CoT-RVS: Zero-Shot Chain-of-Thought Reasoning Segmentation for Videos
Reasoning Video Object Segmentation is a challenging task, aiming at generating a mask sequence from an input video given a complex and implicit text query. While existing works finetune Multimodal Large Language Models (MLLM) for the task, they still fail in video inputs given complex temporally-sensitive queries, indicating their lack of temporal and spatial integration in complex scenarios. In this paper, we propose CoT-RVS, a novel framework employing the zero-shot Chain-of-Thought (CoT) capability of MLLM to address these complex challenges by temporal-semantic reasoning: CoT-RVS analyzes the visible objects within a given frame that possibly match the language query (semantic), and chooses a corresponding keyframe for each object that can be observed effortlessly among all frames (temporal). Notably, the CoT-RVS framework is training-free and compatible with closed-source MLLMs, which can be applied to Reasoning Video Instance Segmentation. Our framework’s training-free feature further allows its extension to process online video streams, where the CoT is used at test time to update the object of interest when a better target starts to emerge and becomes visible.

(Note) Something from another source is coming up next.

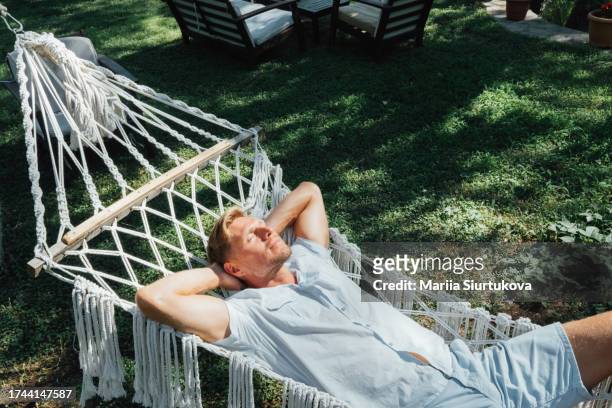 man relaxing in a hammock. - hammock stock pictures, royalty-free photos & images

We conduct extensive experiments on video object segmentation with explicit and implicit queries. The results show that CoT-RVS significantly outperforms previous works in both cases, qualitatively and quantitatively.
💡 Research Summary
CoT‑RVS introduces a novel, training‑free framework for Reasoning Video Object Segmentation (Reasoning VOS) that leverages the zero‑shot Chain‑of‑Thought (CoT) capability of pre‑trained multimodal large language models (MLLMs). The core challenge in Reasoning VOS is to generate a mask sequence for a video given a complex, often implicit textual query that may be temporally sensitive (e.g., “Which player makes a three‑point shot?”). Existing methods fine‑tune MLLMs for segmentation but struggle with temporal reasoning and require costly training pipelines.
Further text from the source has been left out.